We look back at the history of role-playing – prepare for ‘wizard’s sleeve’ and ‘whipping out your broadsword’ jokes – you have been warned…
To celebrate the release of Pillars of Eternity we’re having something of a role-playing week at Thumbsticks. We’ll be looking back at the nuances of the genre and some of our favourite titles, and of course getting hands on with Pillars of Eternity itself, but first let’s wind back to the very beginning of roleplaying itself and the original platform – to pen and paper.
The history boys
When you look at modern role-playing titles like Skyrim and Dragon Age: Inquisition it almost seems unfathomable that these complex and grandiose visions for the genre can trace their ancestry to pen and paper roleplaying games, but everything has to start somewhere, and when you look back through the mechanics of the formative games it begins to make more sense.
It’s hard to say for certain where the very first role-playing games as we know them originated. Some believe they were derived from theoretical exercises (like mock trials) at schools and universities, while others would argue that they were first played by historical reenactment societies who wanted a bit more fantasy on their battlefield, but it would be impossible to dispute that when Dungeons & Dragons was published in 1974, the first signs of the modern role-playing game were irrevocably seared into canon.

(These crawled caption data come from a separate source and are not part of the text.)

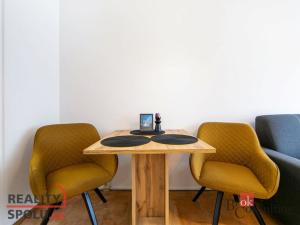 Prodej bytu 2+1, Praha - Ruzyně, U valu, 41 m2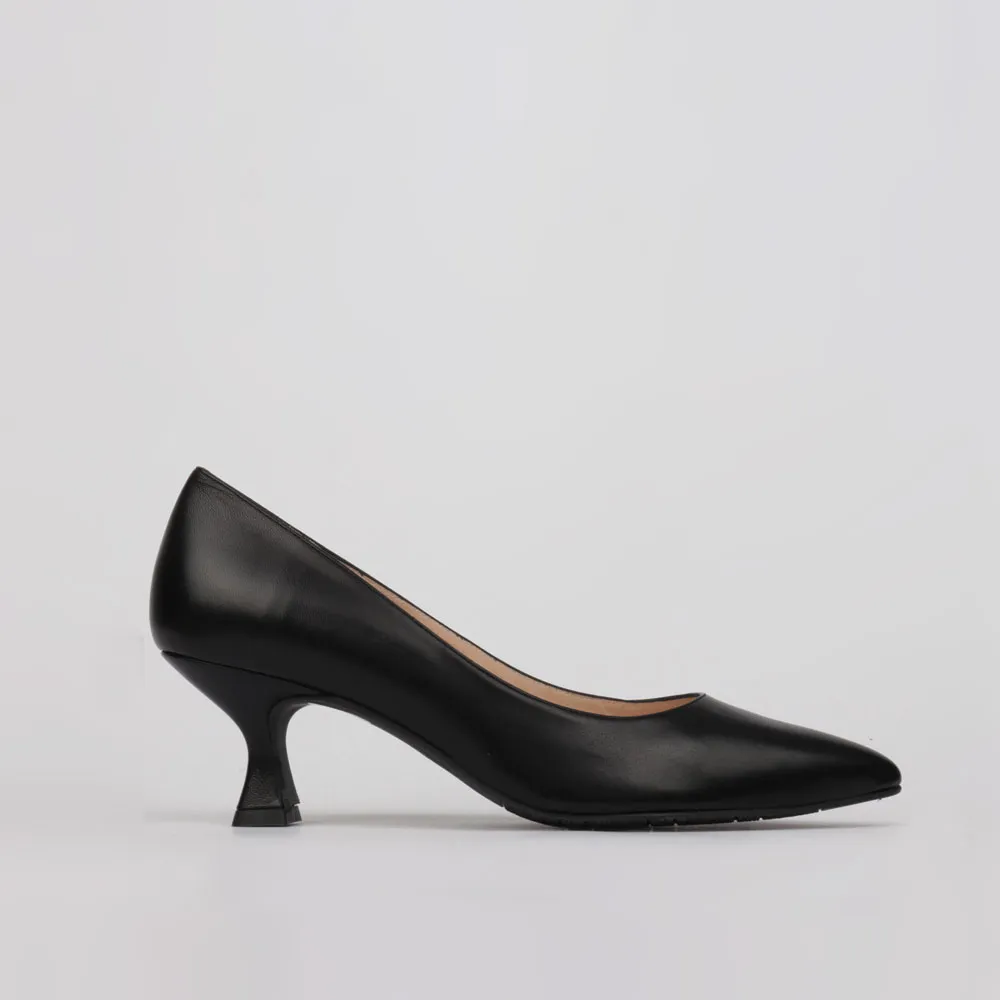 Zapato negro tacón bajo NADIA - Kitten heel negros | LT Zapatos
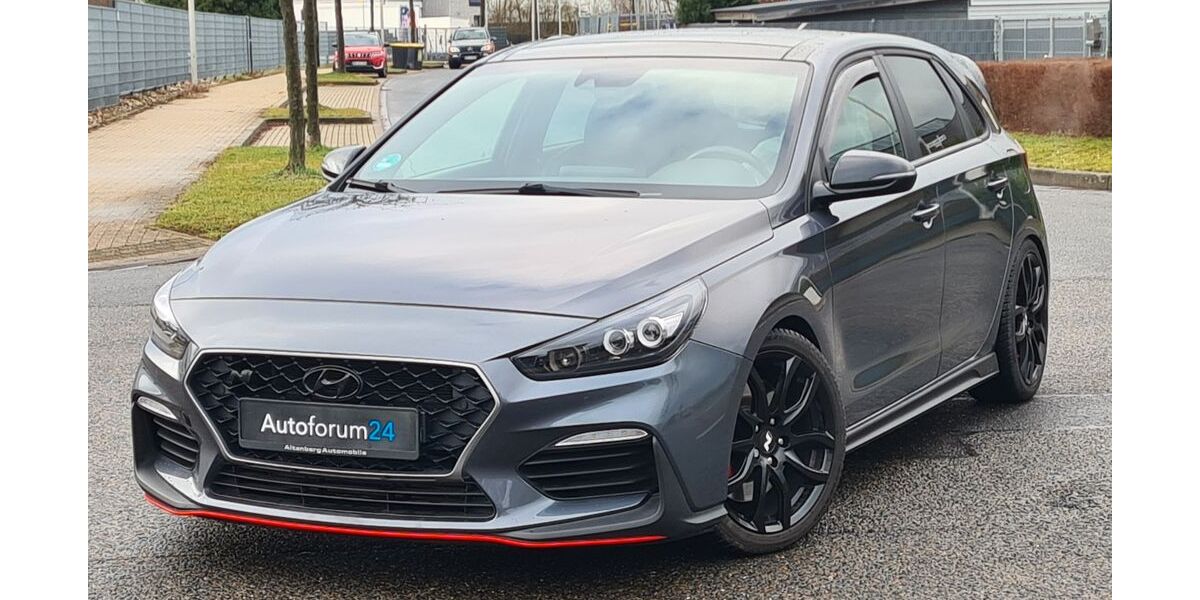 Hyundai i30 94.000 km 19.899 &euro; Jülich 52428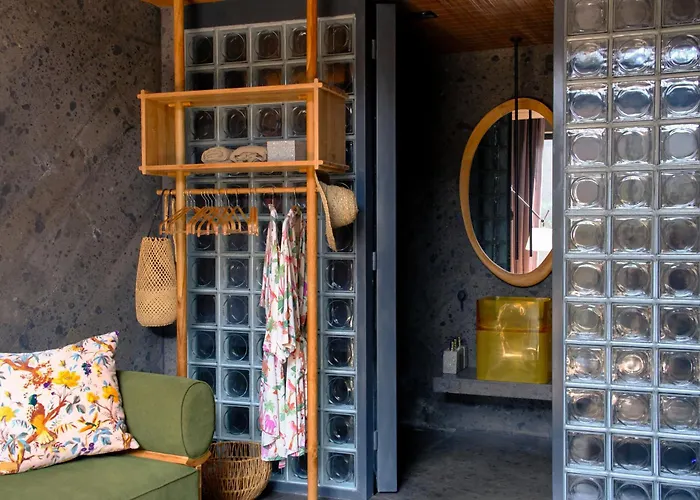 Side Boutique With Private Rooftop Jacuzzi By Lima Bali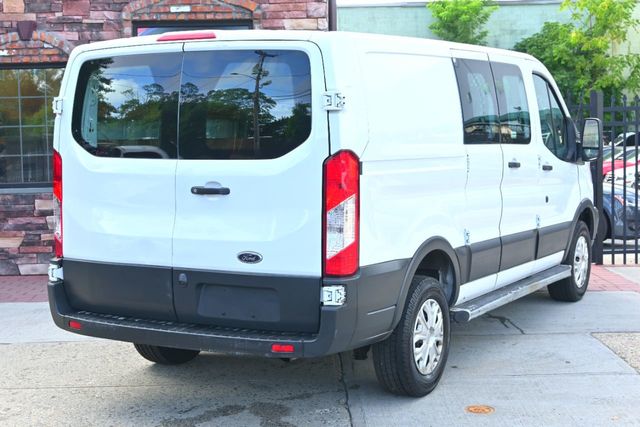 2018 Ford Transit Van  - $27,985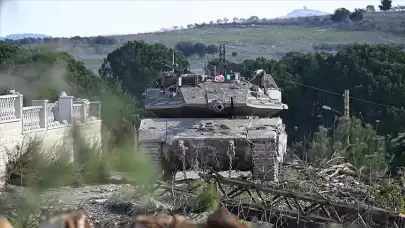 İsrail, Lübnan'ın güneyinde evleri yaktı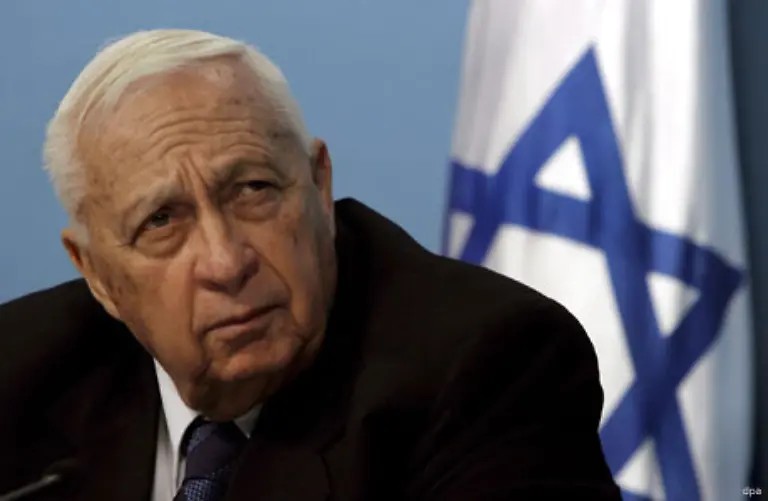 Mit-Scharon-wurde-ein-Hardliner-Regierungschef-Gespraeche-mit-Arafat-lehnte-er-wegen-palaestinensischer-Terrorangriffe-in-Israel-ab-Er-liess-den-Palaestinenserpraesidenten-in-Ramallah-festsetzen-Arafat-starb-im-November-2004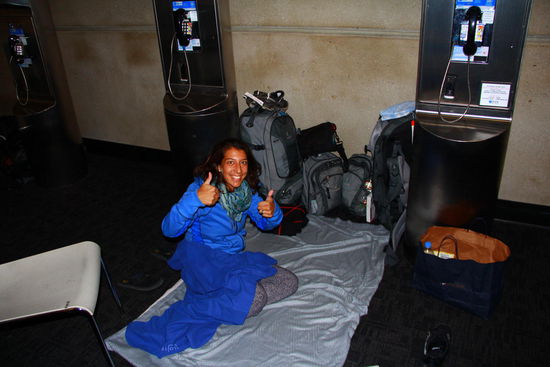 So, die 3,5 Wochen USA Südwesten sind bereits vorbei (schön war`s!) und es geht in die 2. Runde USA: knappe 4 Wochen HAWAIIII  
Wir freuen uns ja soooo 
Unsere Ina haben wir heute Abend abgegeben und da unser Flug nach Honolulu bereits morgen in der Früh geht, haben wir entschieden, die Nacht gleich am Flughafen zu verbringen. Hier unser eingerichteter "Campingplatz" 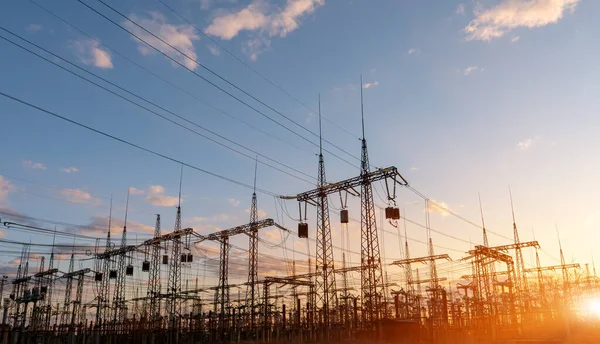 Pilones Línea Energía Durante Atardecer Con Hermoso Cielo Saturado Distribución Imagen de stock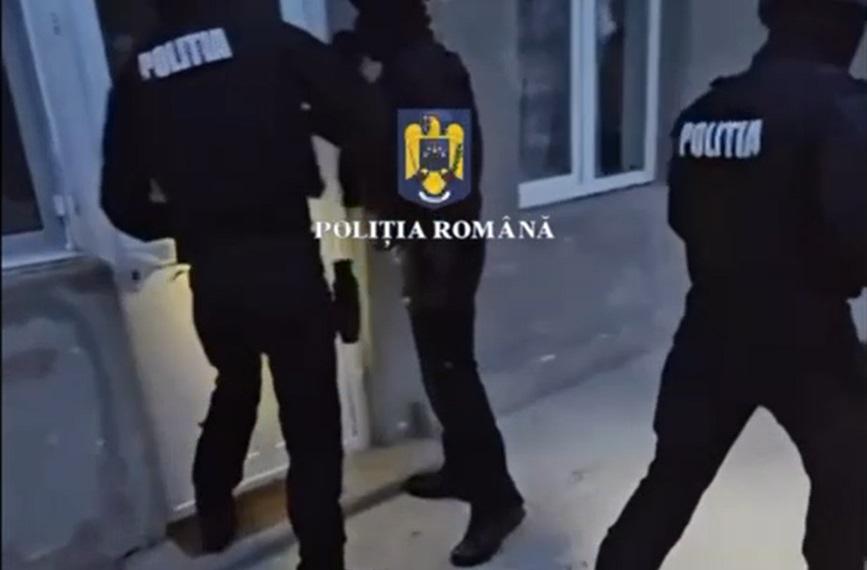 Un bătrân de 93 de ani, păcălit cu 310.000 de euro după ce i s-a promis construcţia unui cavou. Mascaţii au descins în Bucureşti şi Ilfov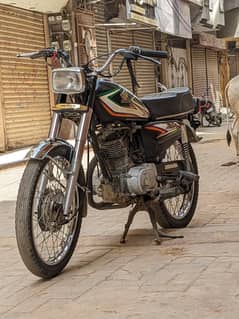 Honda 125 Karachi number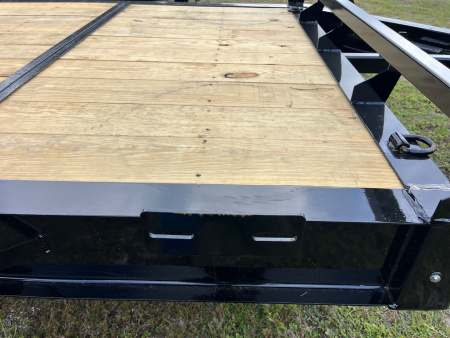 New 2025 Southern Utility 7x22 16K Equipment Trailer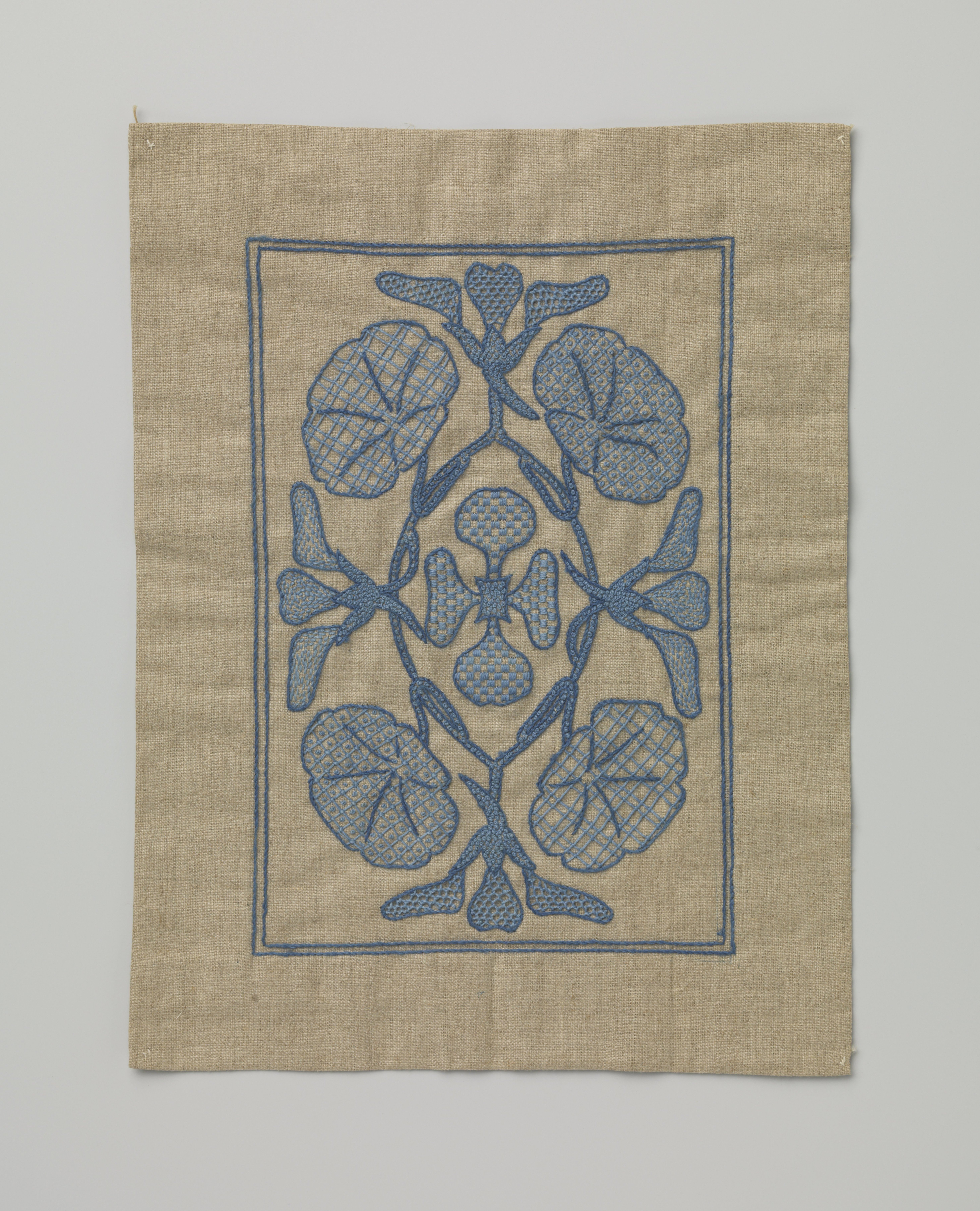 Handwerk met geborduurde blauwe bloemen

Prior to the advent of Dungeons & Dragons tabletop gaming had been painstaking recreations of real-world battles like the Napoleonic and Prussian wars, but a shift from modern to fantasy settings, combined with a desire to focus on individual characterisation over squad-based combat had led to tabletop gamers improvising their own fantasy rulesets (based on Tolkien and Classical mythology). In 1974, everything changed. Devised by Gary Gygax and Dave Arneson, and based on a modified ruleset of Gygax’s earlier tabletop game Chainmail, Dungeons & Dragons was the first commercially successful role-playing game venture and is still popular the world over. An updated version of the ruleset called Advanced Dungeons & Dragons was released in 1979, which has become the de facto standard ever since.